Verbindet ihr alle Stellen als Stichleitung mit einer PA Schiene und "bügelt" ihr drüber?


----------



## winnman (6 Dezember 2015)

Das hängt stark von den örtlichen Gegebenheiten und den möglichen Anschlusspunkten ab.

Ich kenne deine Anlage jetzt ja nicht. Gehe aber mal zB.: von einem Förderband aus.
Das hat an einem Ende einen Motor.
Das Teil wird irgendwo in einer größeren Anlage stehen.
Motor erhält Schutzleiter ->ist klar.
Mechanik wird an den nächsten Potentialausgleichspunkt angeschlossen.
Das Förderband wird ja jetzt an der dem Antrieb gegenüberliegenden Seite auch eine Näherung zur Rest der Anlage haben, hier auf alle Fälle eine Potentialverbindung.

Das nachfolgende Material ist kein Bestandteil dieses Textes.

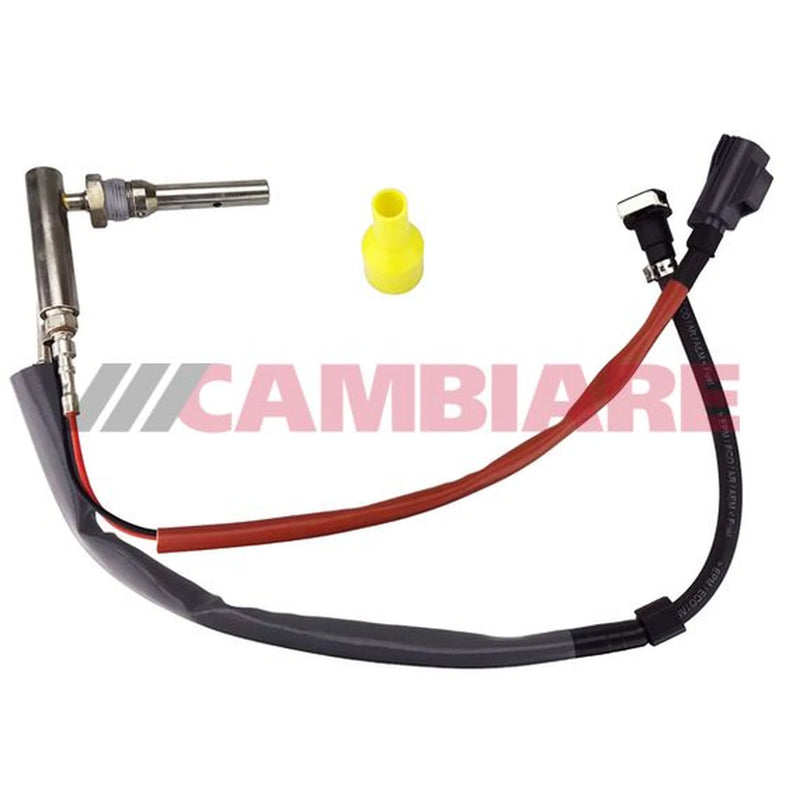 Cambiare DPF Injection Unit VE521008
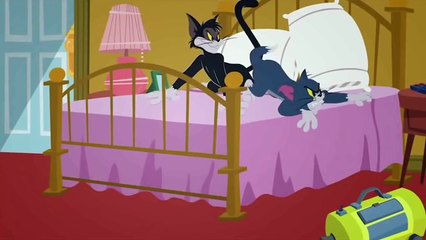 Tom and Jerry đến Việt Nam Phần 11 - Tom And Jerry Tiếng Việt Phần 11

Potentialschleifen lassen sich hier nicht verhindern.

Bügeln über massive Verschraubungen (Flansche, . . .) machen wir normalerweise nicht.

Große Bauteile können durchaus an 10 und mehr Stellen Verbindung mit dem Potentialausgleich haben.

Potentialausgleich wird teilweise auch durch mitführen blanker 95mm² Cu in Kabeltassen verteilt.

Wir achten immer darauf, das zu jedem Teil mindestens 2 Anschlüsse vorhanden sind (damit kann auch mal ein Zwischenteil ausgebaut werden und der PA bleibt trotzdem aufrecht)


----------